Note: The resulting text file will be verbose. To interpret its contents, use the guidelines in the Guide to Darshan-parser Output.

Dynamic Linking

Darshan can also be used with applications that have been dynamically linked, but in this case you must set explicit environment variables in your job script and your qsub command in order to enable Darshan. See the following example. The DARSHAN_PRELOAD variable will be set automatically when the Darshan module is loaded; the commands below just relay it to the application runtime environment.

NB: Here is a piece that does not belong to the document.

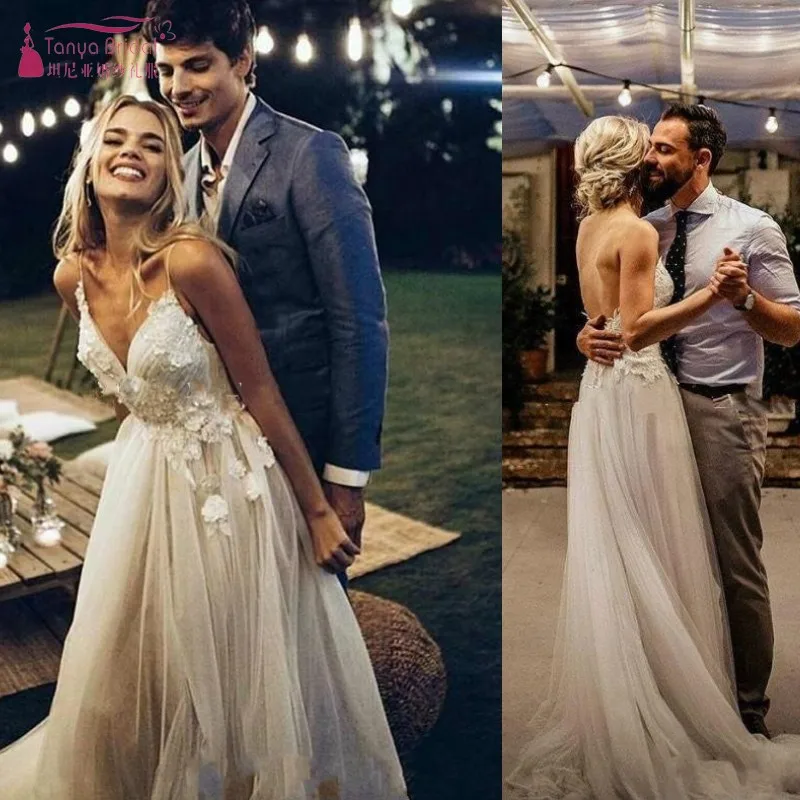 

Romantic Bohemian Boho Spaghetti Straps Wedding Dresses Garden Spring Applique Backless Lace Bride Dress Arabic Dress JQ185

aprun –n <n> -N <N> -e LD_PRELOAD=$DARSHAN_PRELOAD <binary> <args>


Possible Reasons for Missing Output Files

Darshan will not produce output files in the following scenarios:

  • Use of languages besides C, C++, or FORTRAN
  • Use of non-standard MPI libraries or linkers
  • Use of other MPI profilers that conflict with Darshan
  • Use of dynamic linking without using LD_PRELOAD
  • Job did not call MPI_Finalize(). Reasons may include:
  • Job hit wall time limit
  • Abnormal termination
  • The executable is not an MPI program

In such cases, contact ALCF Support for help. Depending on your situation, it may still be possible to use Darshan.

Disabling Darshan

We do not recommend disabling Darshan unless you have a specific problem or have been instructed by the ALCF support team to do so. Disabling Darshan limits the ALCF’s ability to assist in supporting your application, and Darshan instrumentation does not add significant overhead to execution time.

Disabling at Compile Time

The Darshan module can be unloaded, and when an application is linked, the intercept library will no longer be included.

$ module unload darshan
$ make

Disabling at Runtime

Darshan can be disabled by setting the DARSHAN_DISABLE=1 environment variable on the aprun command. This does not require relinking the application, and Darshan can be deactivated on a case-by-case basis for existing executables.